_Task to carry out_
Every line that includes the word "Trail" needs to be copied from the listing.
_____
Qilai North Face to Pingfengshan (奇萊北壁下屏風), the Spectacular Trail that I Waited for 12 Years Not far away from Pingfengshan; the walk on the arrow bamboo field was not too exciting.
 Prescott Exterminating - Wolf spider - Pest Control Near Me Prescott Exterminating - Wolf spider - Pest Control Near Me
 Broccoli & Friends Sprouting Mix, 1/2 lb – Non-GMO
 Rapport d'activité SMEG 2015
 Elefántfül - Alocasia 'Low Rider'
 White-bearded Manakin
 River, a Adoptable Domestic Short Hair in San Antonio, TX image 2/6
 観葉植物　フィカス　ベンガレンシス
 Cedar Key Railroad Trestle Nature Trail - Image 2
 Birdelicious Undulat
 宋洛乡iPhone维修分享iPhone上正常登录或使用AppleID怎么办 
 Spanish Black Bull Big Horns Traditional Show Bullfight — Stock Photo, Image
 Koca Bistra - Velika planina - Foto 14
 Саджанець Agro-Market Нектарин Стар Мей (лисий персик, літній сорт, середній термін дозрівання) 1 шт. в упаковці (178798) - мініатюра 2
_____
_Answer space_
Qilai North Face to Pingfengshan (奇萊北壁下屏風), the Spectacular Trail that I Waited for 12 Years Not far away from Pingfengshan; the walk on the arrow bamboo field was not too exciting.
 Cedar Key Railroad Trestle Nature Trail - Image 2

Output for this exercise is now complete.